> [WORK TASK]: Restate word for word the entries below, starting at the line with "Carburetor with Gaskets for Kawasak" and ending at the line with "Новая жемчужина Марокко". Keep both end lines and omit the pictures.

#### DATASET CONTENT ####

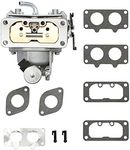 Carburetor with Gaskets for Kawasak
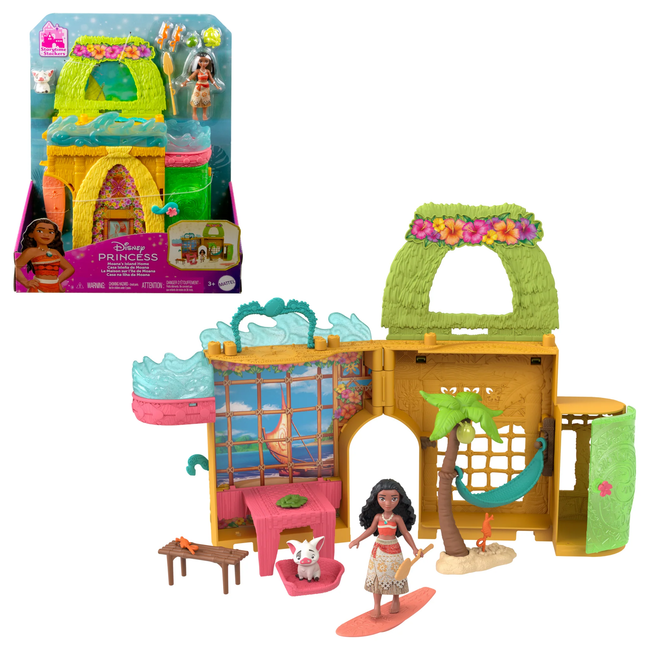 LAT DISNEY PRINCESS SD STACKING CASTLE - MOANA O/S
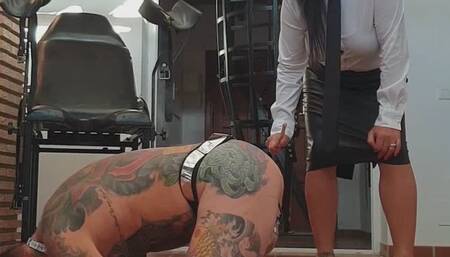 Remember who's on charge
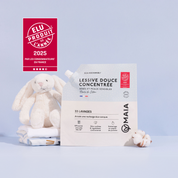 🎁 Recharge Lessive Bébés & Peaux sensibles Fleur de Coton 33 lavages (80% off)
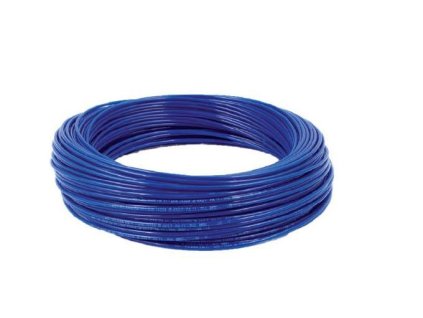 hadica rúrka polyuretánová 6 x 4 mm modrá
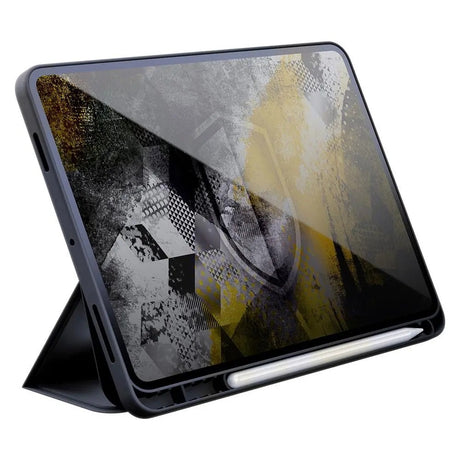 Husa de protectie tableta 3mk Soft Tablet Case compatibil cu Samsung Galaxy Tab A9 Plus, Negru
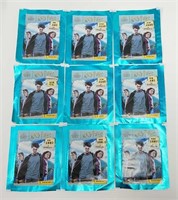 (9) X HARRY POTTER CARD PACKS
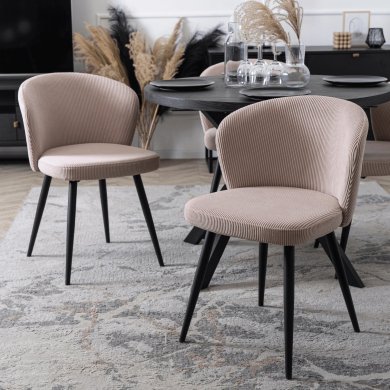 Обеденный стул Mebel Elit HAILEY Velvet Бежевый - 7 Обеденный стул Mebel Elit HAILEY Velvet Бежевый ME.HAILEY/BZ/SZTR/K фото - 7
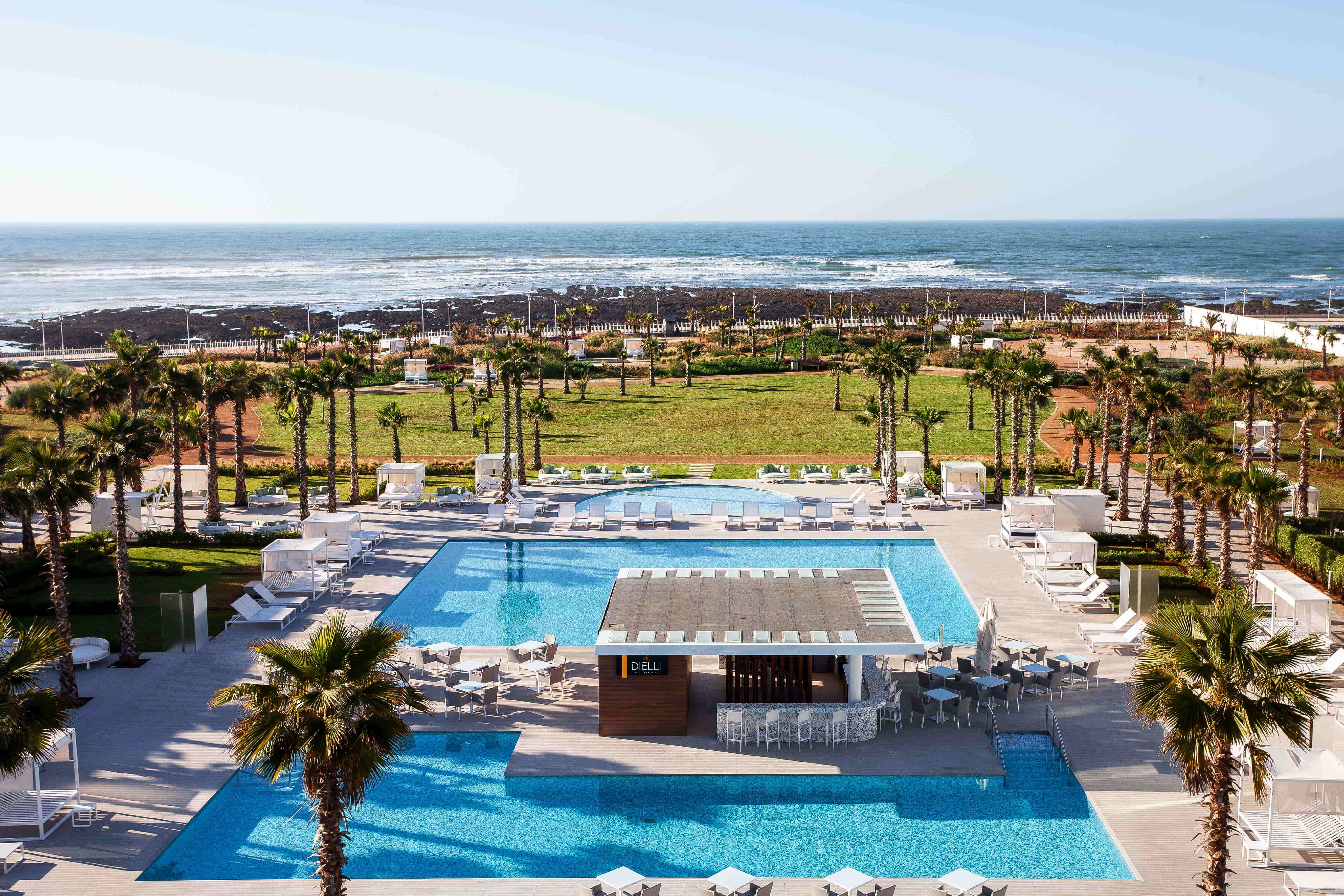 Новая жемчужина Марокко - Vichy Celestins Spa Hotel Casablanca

####
#### DATASET CONTENT ####

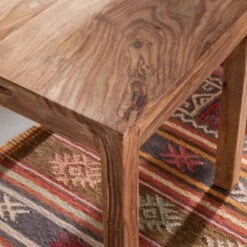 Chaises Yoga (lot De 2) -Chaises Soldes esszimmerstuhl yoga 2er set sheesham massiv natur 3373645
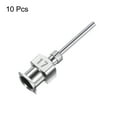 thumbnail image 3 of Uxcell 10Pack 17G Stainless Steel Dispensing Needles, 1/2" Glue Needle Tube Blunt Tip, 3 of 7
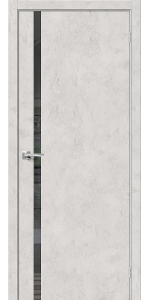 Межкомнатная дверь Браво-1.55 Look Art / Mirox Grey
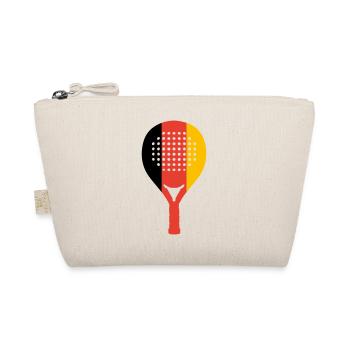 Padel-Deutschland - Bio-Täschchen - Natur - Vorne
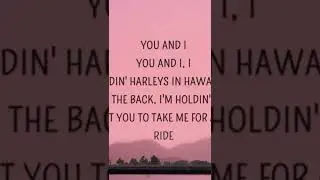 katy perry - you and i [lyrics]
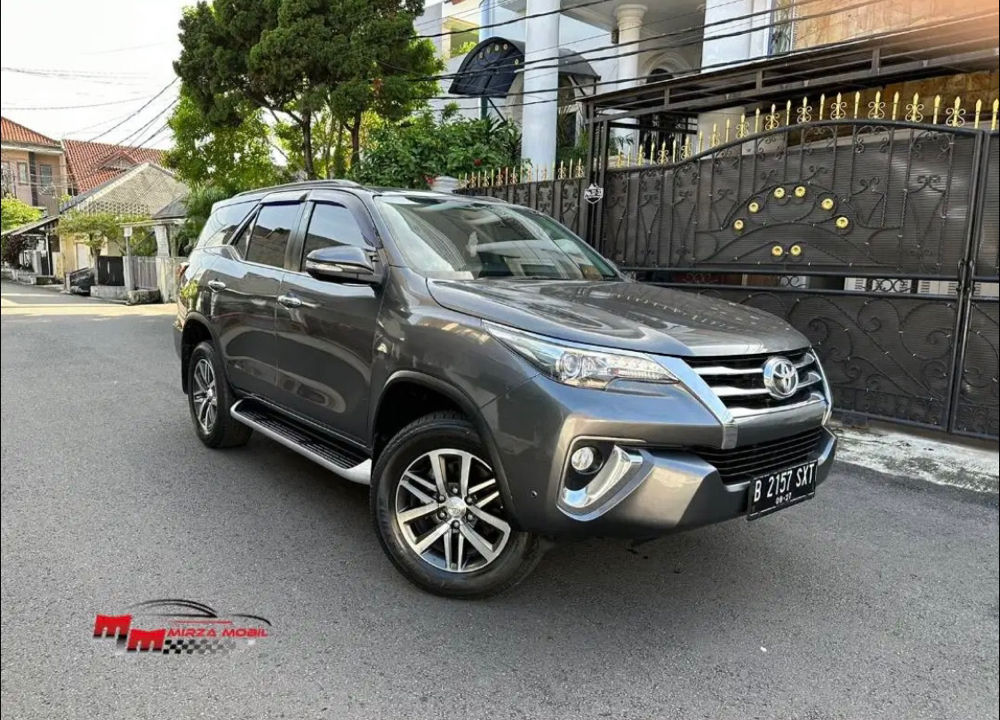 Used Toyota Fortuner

####

> [FINAL ANSWER]:
 Carburetor with Gaskets for Kawasak
 LAT DISNEY PRINCESS SD STACKING CASTLE - MOANA O/S
 Remember who's on charge
 🎁 Recharge Lessive Bébés & Peaux sensibles Fleur de Coton 33 lavages (80% off)
 hadica rúrka polyuretánová 6 x 4 mm modrá
 Husa de protectie tableta 3mk Soft Tablet Case compatibil cu Samsung Galaxy Tab A9 Plus, Negru
 (9) X HARRY POTTER CARD PACKS
 Обеденный стул Mebel Elit HAILEY Velvet Бежевый - 7 Обеденный стул Mebel Elit HAILEY Velvet Бежевый ME.HAILEY/BZ/SZTR/K фото - 7
 Новая жемчужина Марокко - Vichy Celestins Spa Hotel Casablanca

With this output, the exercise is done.